(Collection entries)
■ ■ ■ ■ ■
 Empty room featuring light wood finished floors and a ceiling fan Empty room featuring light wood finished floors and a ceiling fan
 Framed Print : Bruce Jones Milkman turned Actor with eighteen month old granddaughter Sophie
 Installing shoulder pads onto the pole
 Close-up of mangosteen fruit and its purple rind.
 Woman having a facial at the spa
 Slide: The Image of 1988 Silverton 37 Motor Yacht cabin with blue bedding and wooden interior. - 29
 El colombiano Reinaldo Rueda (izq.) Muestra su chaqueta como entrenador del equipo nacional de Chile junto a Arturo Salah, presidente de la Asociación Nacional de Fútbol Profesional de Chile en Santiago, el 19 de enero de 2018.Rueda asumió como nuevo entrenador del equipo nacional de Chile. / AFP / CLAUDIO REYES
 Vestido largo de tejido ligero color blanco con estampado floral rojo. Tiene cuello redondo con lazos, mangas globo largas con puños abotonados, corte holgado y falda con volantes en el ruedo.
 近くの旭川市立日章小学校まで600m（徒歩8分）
■ ■ ■ ■ ■
Would you filter the records and copy out each line containing "with"?

 Framed Print : Bruce Jones Milkman turned Actor with eighteen month old granddaughter Sophie
 Slide: The Image of 1988 Silverton 37 Motor Yacht cabin with blue bedding and wooden interior. - 29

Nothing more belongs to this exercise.